▶ **Exercise objective**
When you write out the listing, keep every character and omit the pictures.

▶ **Records supplied**
------------------------------

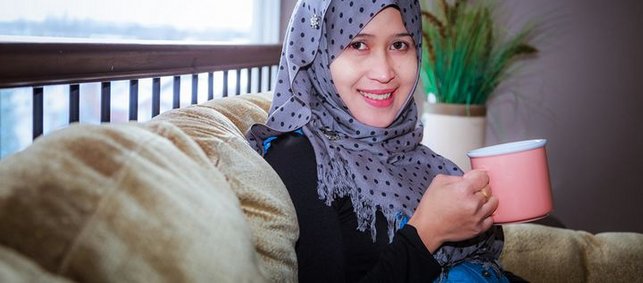 Frau mit Hijab hält Tasse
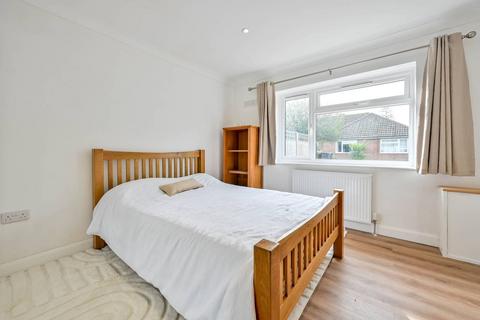 undefined, Kingfield Gardens, Old Woking, Woking, GU22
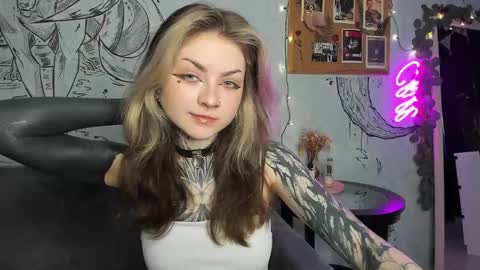 lostallice online show from March 11, 6:00 am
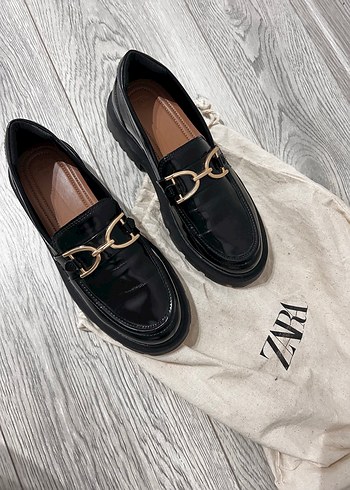 Zara Siyah Parlak Deri Loafer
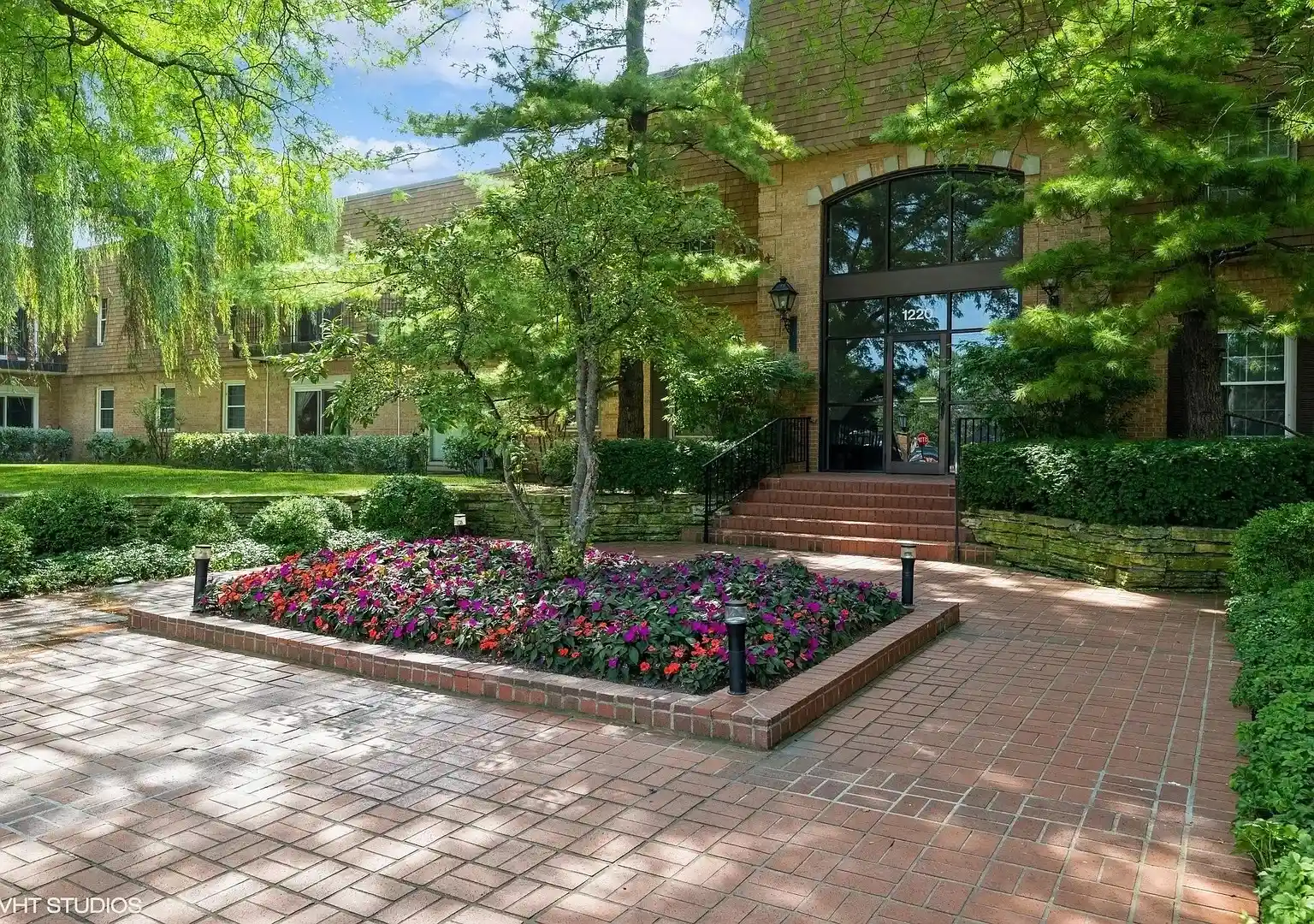 Listing Photo 1 - Condo for sale in 1220 Park Ave located at 1220 Park Ave, Highland Park, IL 60035 - Unit #126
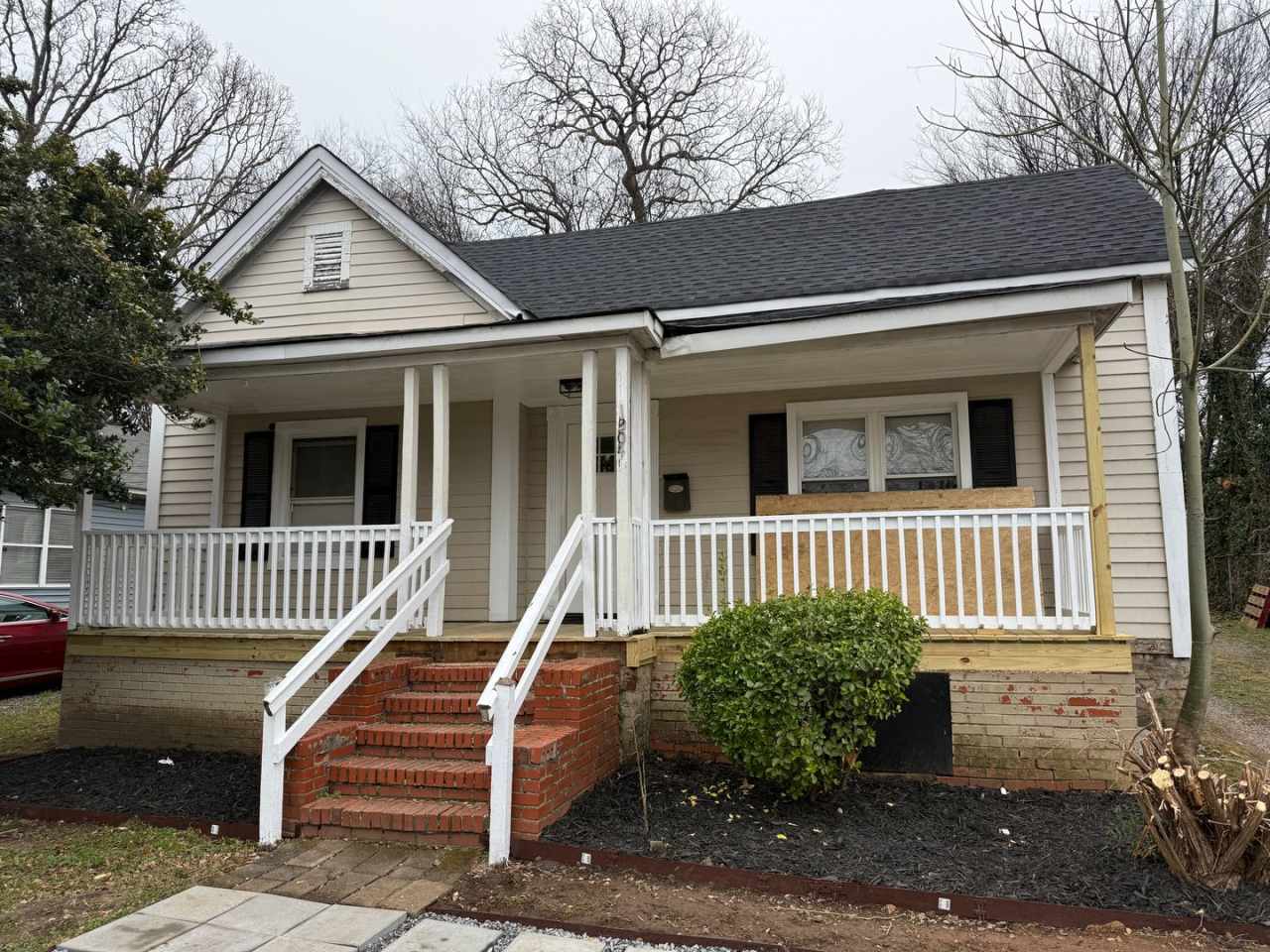 Adorable 3 Bedroom Home in Belmont Neighborhood!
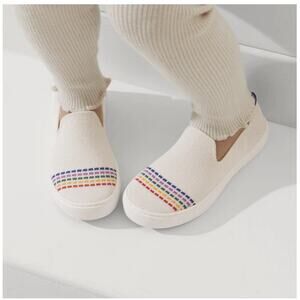 Rothy’s The Kids Sneaker US 4 White Rainbow Round Toe Slip On Shoes Unisex Flat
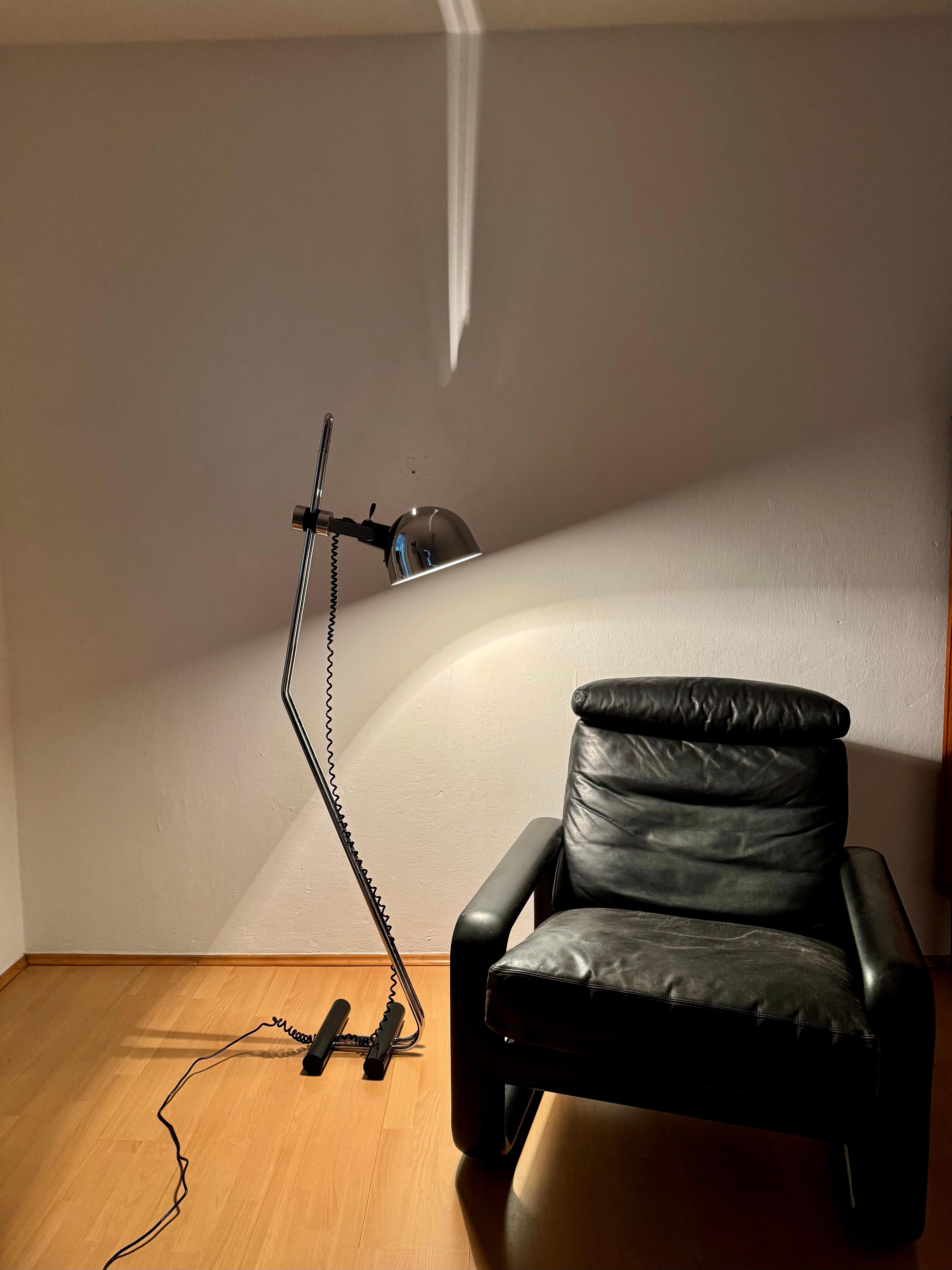 Italienische verstellbare verchromte Stehlampe im Angebot 4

------------------------------

▶ **Written response**
 Frau mit Hijab hält Tasse
 undefined, Kingfield Gardens, Old Woking, Woking, GU22
 lostallice online show from March 11, 6:00 am
 Zara Siyah Parlak Deri Loafer
 Listing Photo 1 - Condo for sale in 1220 Park Ave located at 1220 Park Ave, Highland Park, IL 60035 - Unit #126
 Adorable 3 Bedroom Home in Belmont Neighborhood!
 Rothy’s The Kids Sneaker US 4 White Rainbow Round Toe Slip On Shoes Unisex Flat
 Italienische verstellbare verchromte Stehlampe im Angebot 4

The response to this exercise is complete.